Traditional soup in several Latin American cuisines

Sancocho (from the Spanish verb sancochar, 'to parboil') is a traditional stew in several Caribbean and Latin American cuisines. Latin variations represent popular national dishes in Dominican Republic, Colombia, Cuba, Honduras, Mexico, Panama, Puerto Rico, Trinidad and Tobago and Venezuela. It usually consists of large pieces of meat, tubers and vegetables served in a broth.

== Colombia ==
Sancocho is a traditional food in Colombia made with many kinds of meat (most commonly chicken, hen, pork ribs, beef ribs, fish and ox tail) with large pieces of plantain, potato, cassava and/or other vegetables such as tomato, scallion, cilantro and mazorca (corn on the cob), depending on the region. Some top it off with fresh cilantro, onion and squeezed lime.
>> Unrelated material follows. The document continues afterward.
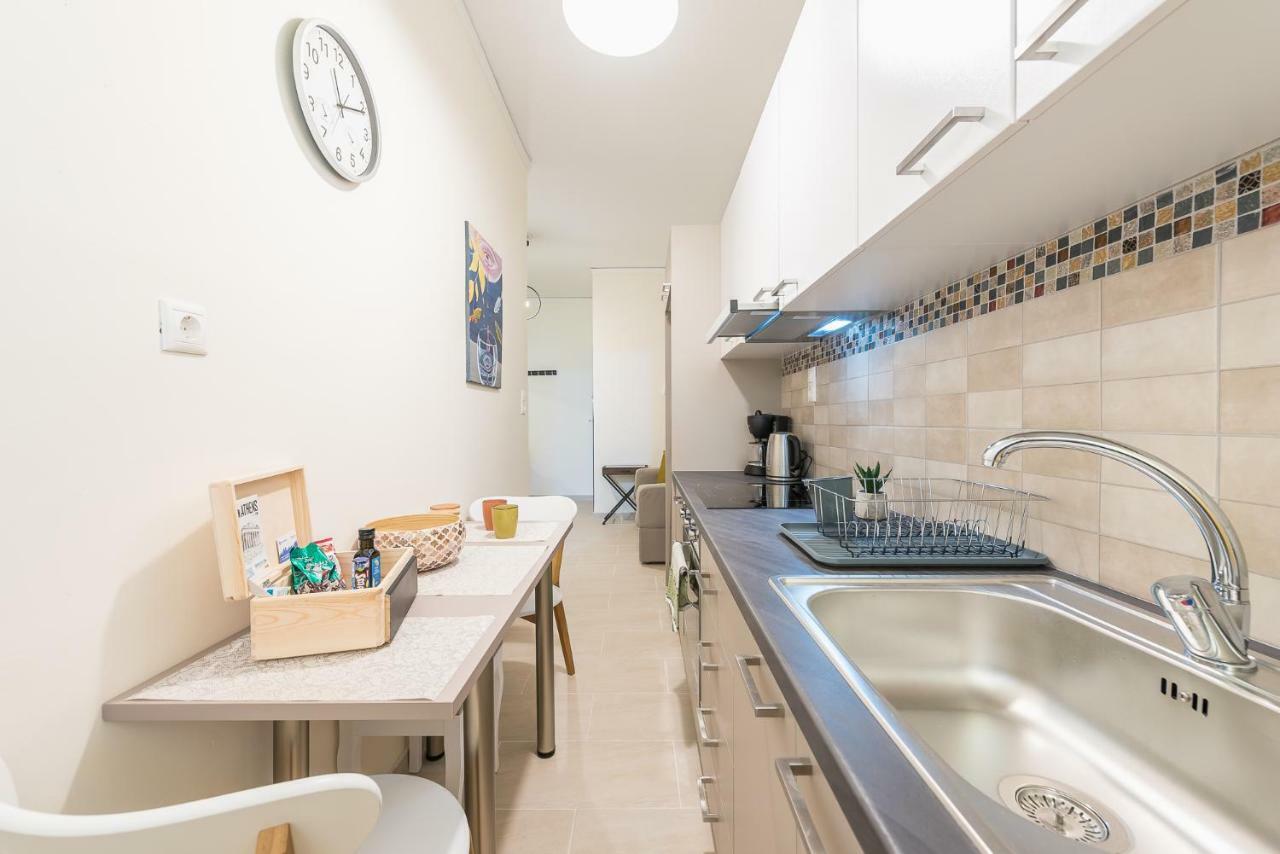Stylish Kerameikos Apartment By Cloudkeys Athén Kültér fotó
It is also served with a side of sliced avocado and a plate of white rice, which is usually dipped in with each spoonful of soup.

== Panama ==
Also known as sancocho de gallina, it is the national dish of Panama. The basic ingredients are chicken, ñame (adding flavor and acting as a thickener, giving it its characteristic texture and brightness) and culantro (giving it most of its characteristic flavor and greenish tone); often yuca, mazorca (corn on the cob) and otoe are added. Other optional ingredients include ñampí (as the eddoe variety of taro is known), chopped onions, garlic and oregano. It is frequently served with white rice on the side, meant to be either mixed in or eaten with each spoonful. Hot sauce is frequently added, depending on regional and individual preferences. Regional varieties include sancocho chorrerano (a specialty of the town of La Chorrera, which is only made with free-range chicken, onions, garlic, chili peppers, oregano and ñame) and sancocho chiricano (a specialty from Chiriquí Province and the heartiest variety, containing squash in addition to all basic and optional ingredients mentioned before, having a yellowish color as a result). It is often recommended as the best remedy for a hangover. It is used as a metaphor for the country's racial diversity due to the varied ingredients that contribute their particular properties to and have an equally important role in the cooking process and final product.

== Philippines ==
Reflecting its Spanish influence, sancocho is eaten in the Philippines, where the hearty stew is made with fish, beef shanks, three kinds of meat, chicken, pork butt, bacon, chorizo de bilbao and morcilla (Spanish blood sausage) as well as yucca, potatoes, cilantro, corn, cabbage, bok choy, carrots and string beans. The Ilocano dish pinapaitan is also known as sankutsar (or singkutsar) is made from stewed goat (or beef) and offal flavored with its cud.

==Similar dishes==
A soup similar to sancocho is called "sancoche" in Dominica, Grenada, Jamaica and Trinidad and Tobago.